◆ Information provided

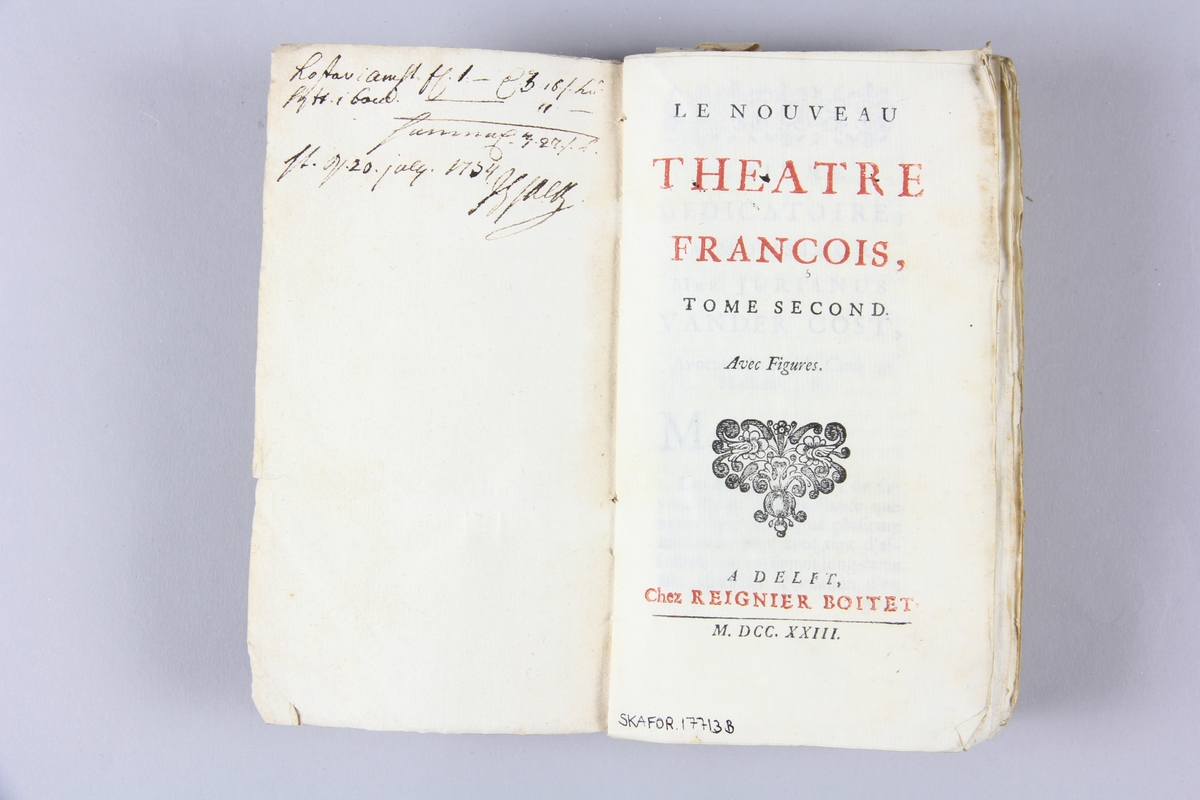 Bok, häftad, "Le nouveau theatre françois", del 2, tryckt i Delft 1723.
Pärm av marmorerat papper, oskurna snitt. På ryggen klistrade pappersetiketter med volymens namn och samlingsnummer. Ryggen blekt. Anteckning om inköp.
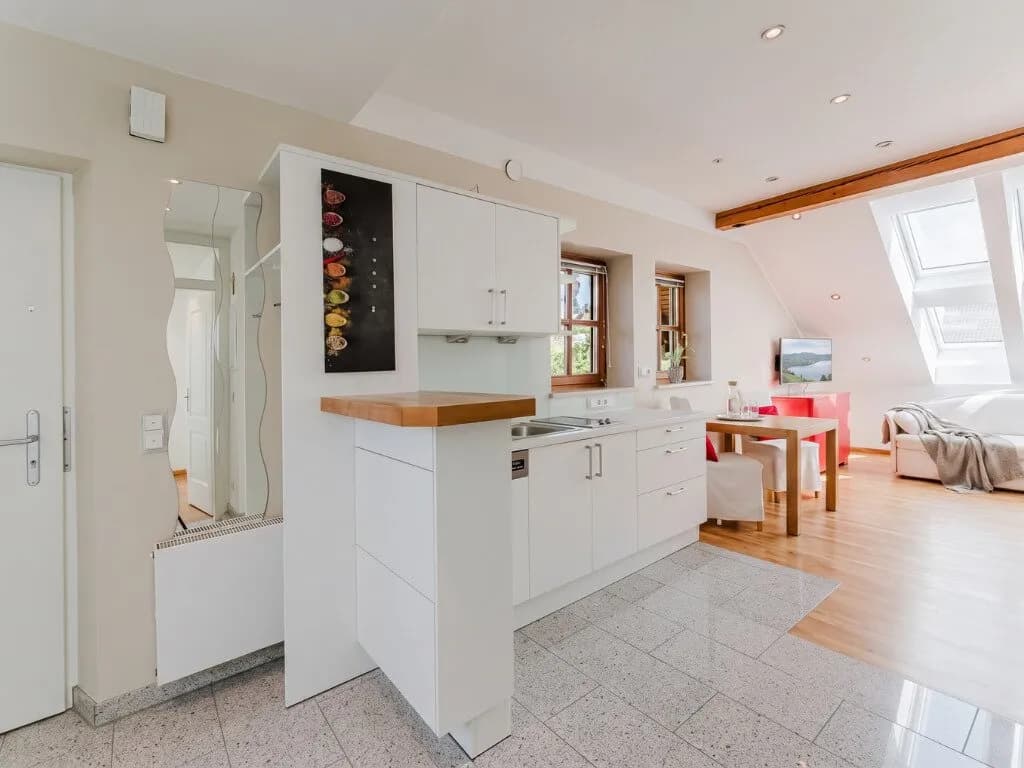 8-Zimmer-Haus kaufen in Vöcklabruck – 331 m², € 1.330.000 – Bild 13 von 14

◆ Brief
Transcribe, without alteration, each line from the one with "Pärm av marmorerat" through the last line of the data; no pictures belong in the copy.

◆ Solution below
Pärm av marmorerat papper, oskurna snitt. På ryggen klistrade pappersetiketter med volymens namn och samlingsnummer. Ryggen blekt. Anteckning om inköp.
 8-Zimmer-Haus kaufen in Vöcklabruck – 331 m², € 1.330.000 – Bild 13 von 14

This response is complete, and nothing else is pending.